• **YOUR OBJECTIVE**: Look for the line containing "Curso de Homeopatía: Curso" and the line containing "Hirosima, mano meilė" in the entries below. Copy those two and all lines between them exactly, leaving out pictures.

• **DATA**:
=-=-=-=-=
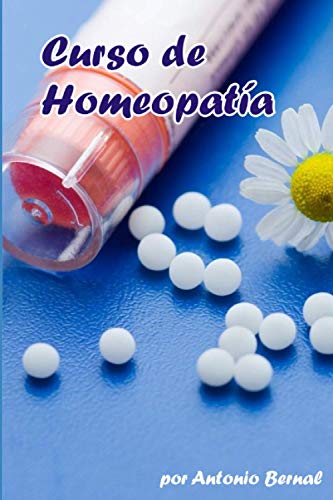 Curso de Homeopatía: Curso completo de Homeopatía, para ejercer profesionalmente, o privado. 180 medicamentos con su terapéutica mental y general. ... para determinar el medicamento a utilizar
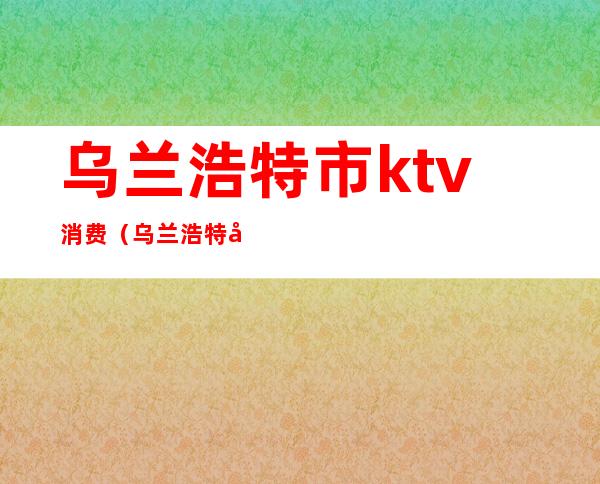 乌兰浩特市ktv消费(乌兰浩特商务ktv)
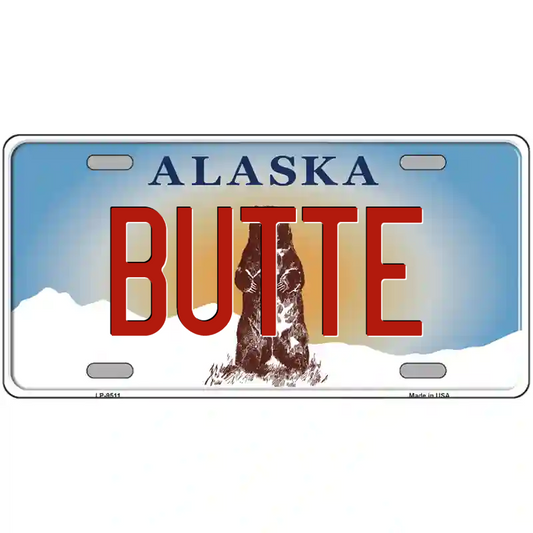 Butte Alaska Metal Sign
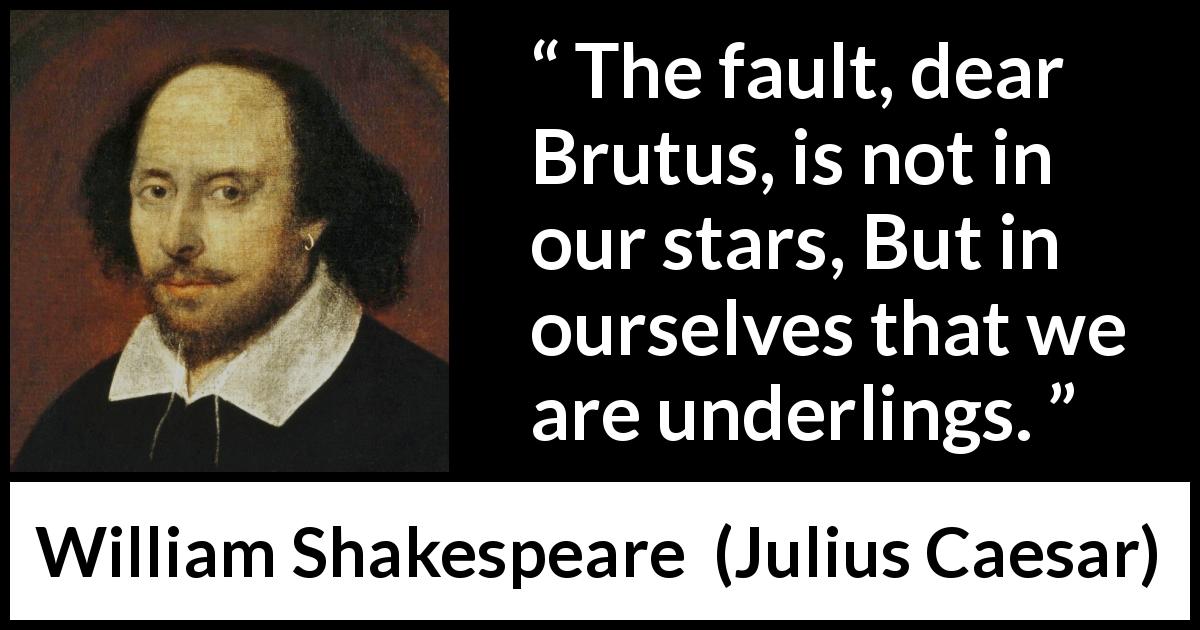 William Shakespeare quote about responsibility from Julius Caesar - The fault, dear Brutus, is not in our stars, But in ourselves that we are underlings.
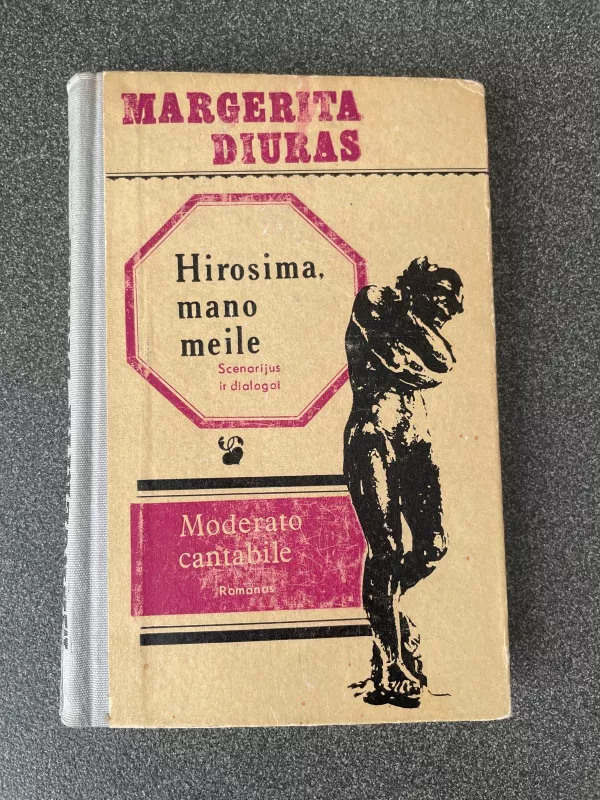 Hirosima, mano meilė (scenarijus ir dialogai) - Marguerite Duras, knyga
=-=-=-=-=
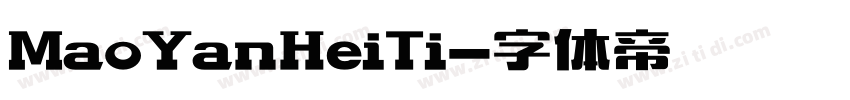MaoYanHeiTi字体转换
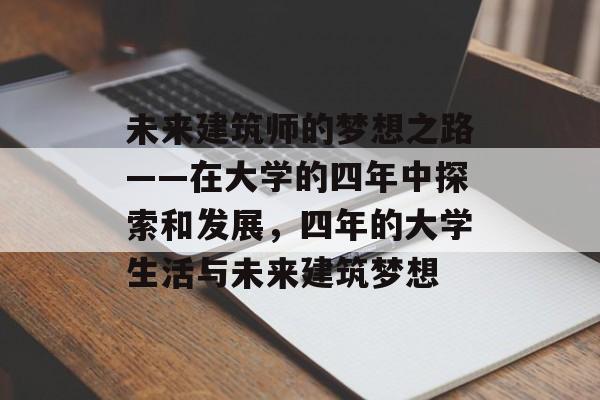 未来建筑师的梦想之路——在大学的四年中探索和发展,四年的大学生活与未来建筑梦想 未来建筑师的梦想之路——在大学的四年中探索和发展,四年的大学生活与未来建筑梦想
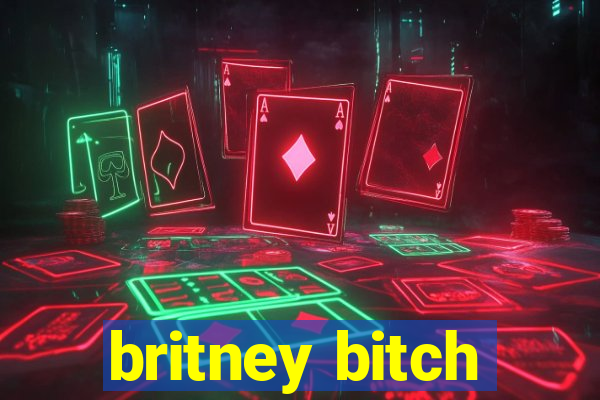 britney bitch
=-=-=-=-=
• **SOLUTION BELOW**:
 Curso de Homeopatía: Curso completo de Homeopatía, para ejercer profesionalmente, o privado. 180 medicamentos con su terapéutica mental y general. ... para determinar el medicamento a utilizar
 乌兰浩特市ktv消费(乌兰浩特商务ktv)
 Butte Alaska Metal Sign
 William Shakespeare quote about responsibility from Julius Caesar - The fault, dear Brutus, is not in our stars, But in ourselves that we are underlings.
 Hirosima, mano meilė (scenarijus ir dialogai) - Marguerite Duras, knyga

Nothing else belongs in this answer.